Leave out pictures; repeat exactly the lines from the "A picture of Oppo A57" line through the last of the data below.

_Data extracts_

▬▬▬▬▬▬▬▬▬▬

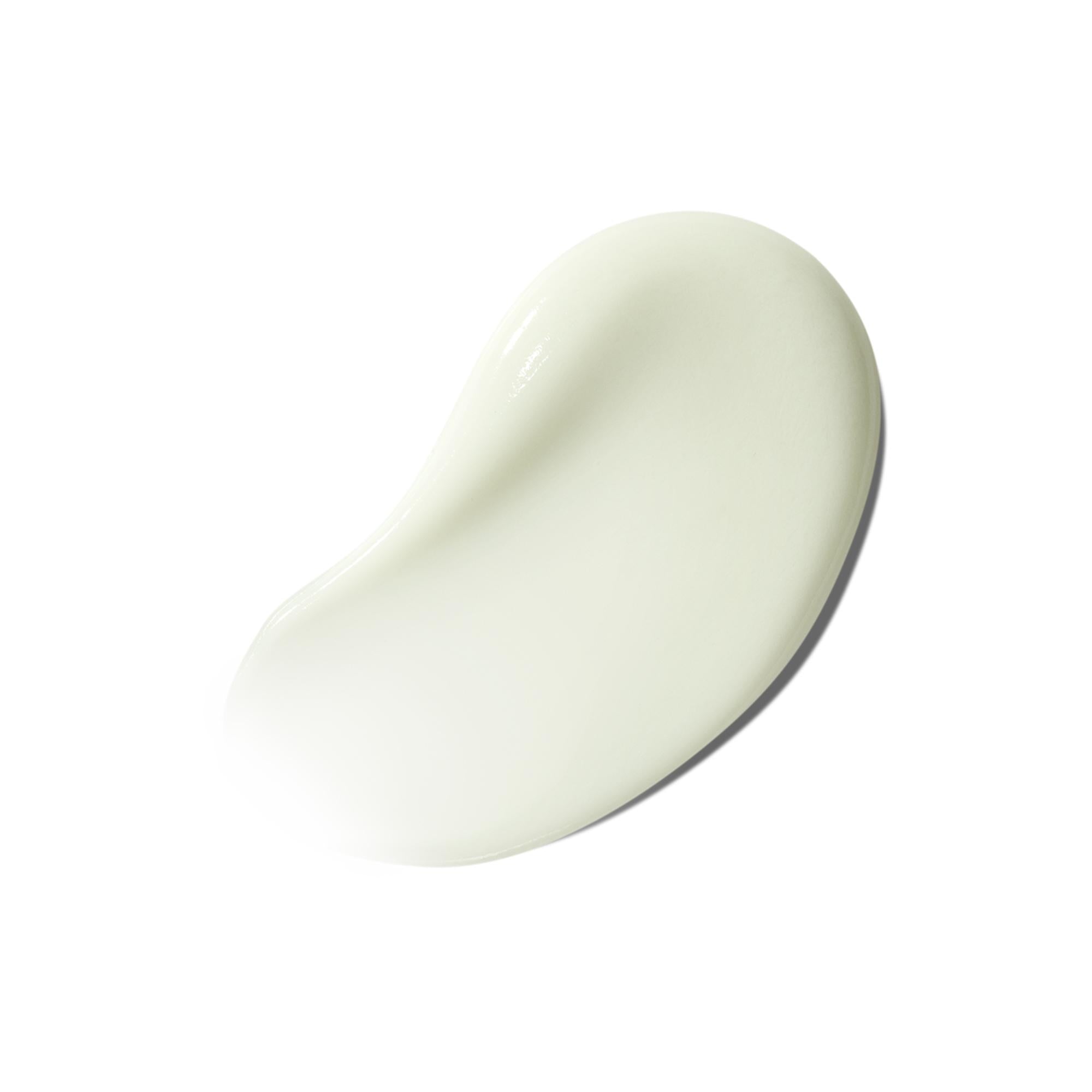 Le Sérum Régénération Intense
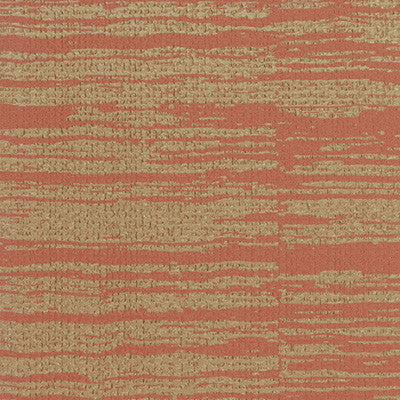 Bonaire Paloma by Winfield Thybony Designer Wallcovering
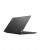 Ноутбук Lenovo Thinkpad E15 15,6'FHD (21ED003MRT)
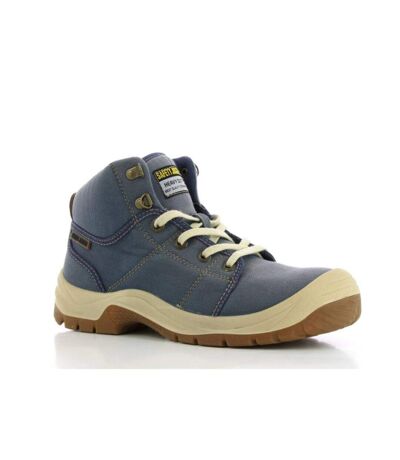 Chaussures  montantes Safety Jogger Desert S1P SRC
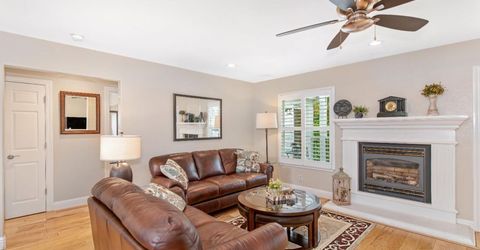 2988 Fairchild Dr, El Dorado Hills, CA 95762 Photo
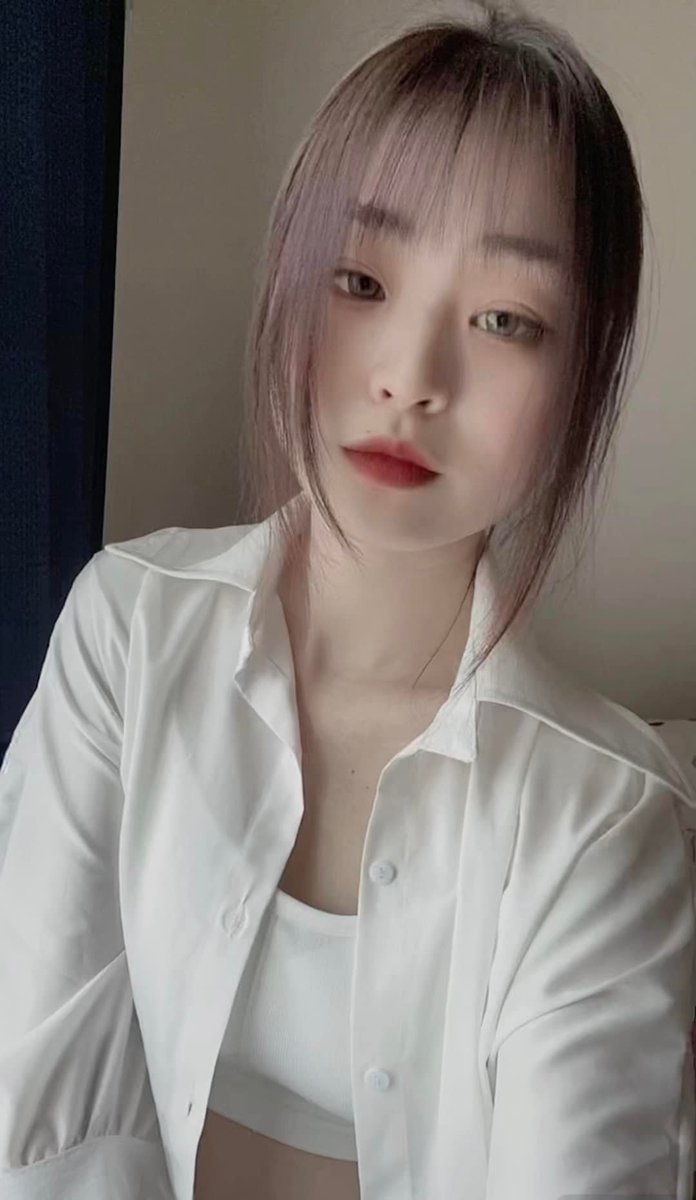 JOSEPINTO23's tweet photo. Cảm ơn vì đã ủng hộ của em qua dày và mỏng anh ạ. Kiến thức của bạn là một món quà tôi trân trọng. Cảm ơn bạn. Darron Kuser https://t.co/SXYOSQ3Ebd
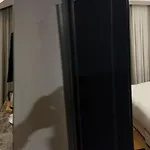 Hotel Dodo Old Istanbul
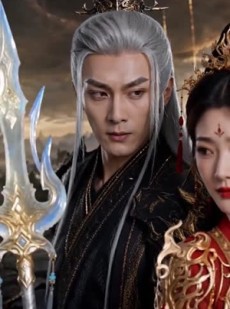 短剧《神仙夫妇的飙戏日常》120集短剧在线观看全集不卡顿
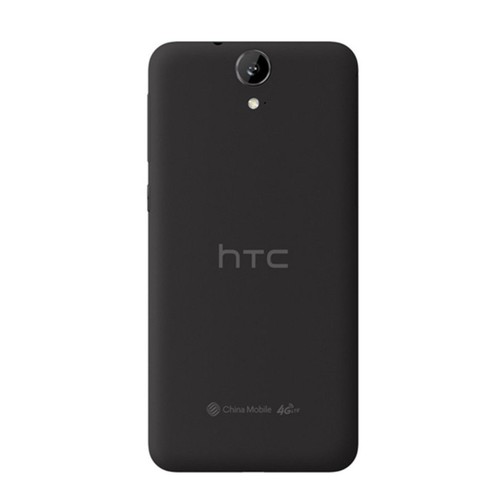 Original Unlocked HTC One E9 5.5" 4G LTE Wifi 16GB ROM 13MP Camera Android Phone - Picture 5 of 7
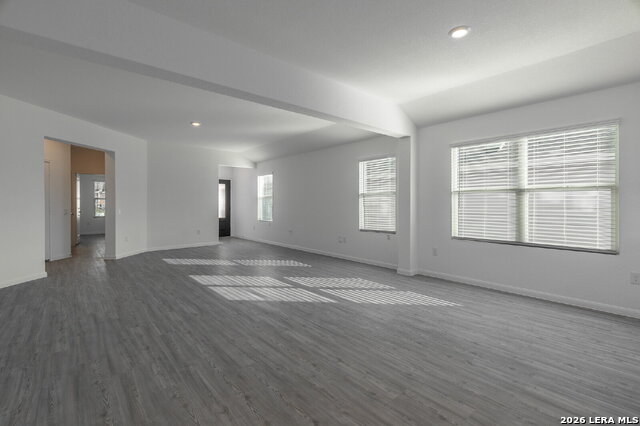 706 Red Field Property Photo 21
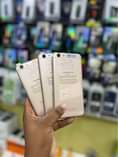 A picture of Oppo A57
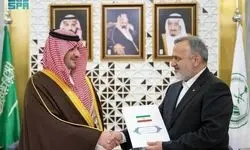 رشیدیان: تمامی برنامه‌ها و مراسم حج همانند سال گذشته برگزار خواهد شد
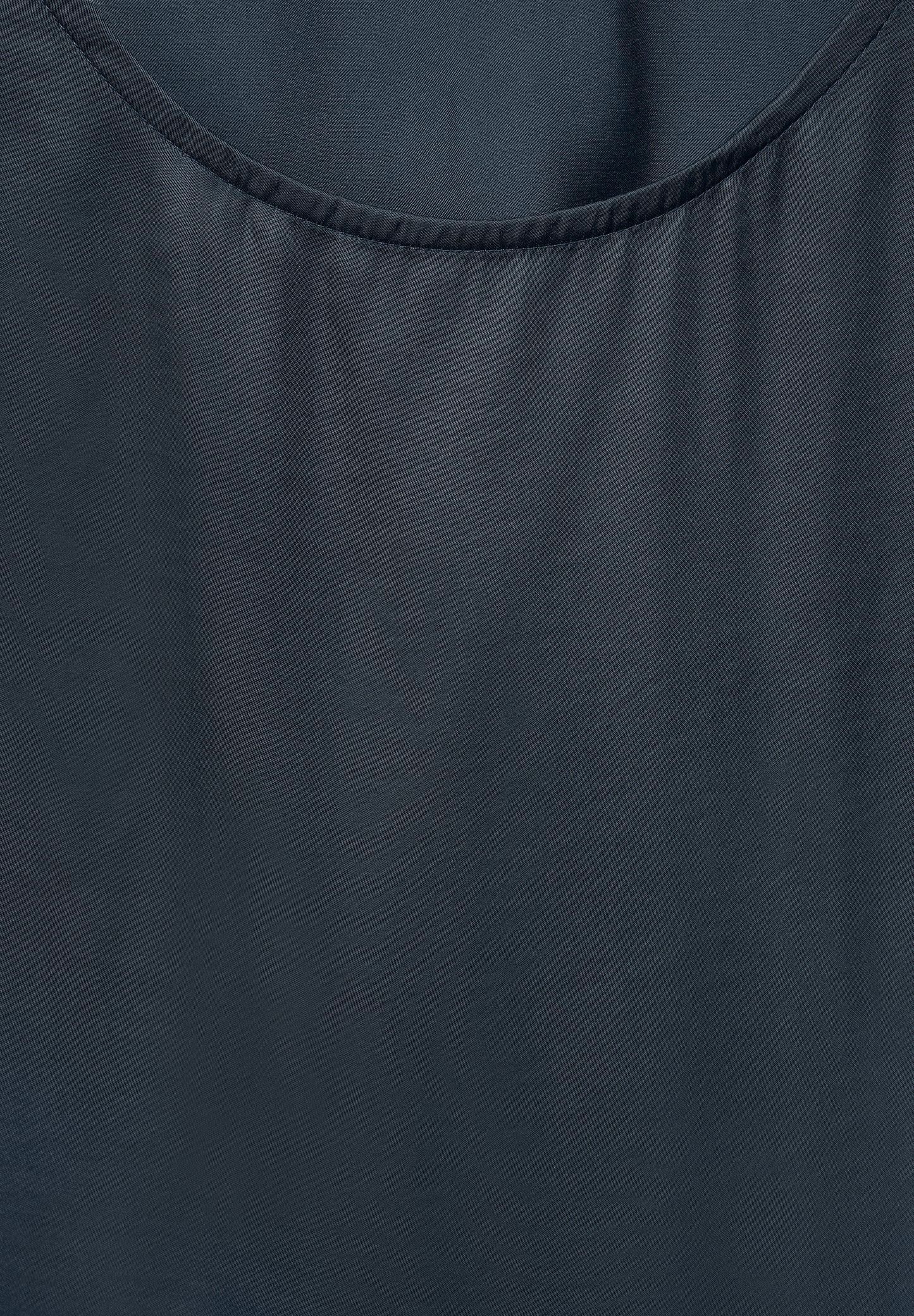 Satin Top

▬▬▬▬▬▬▬▬▬▬

_Problem solution_
 A picture of Oppo A57
 رشیدیان: تمامی برنامه‌ها و مراسم حج همانند سال گذشته برگزار خواهد شد
 Satin Top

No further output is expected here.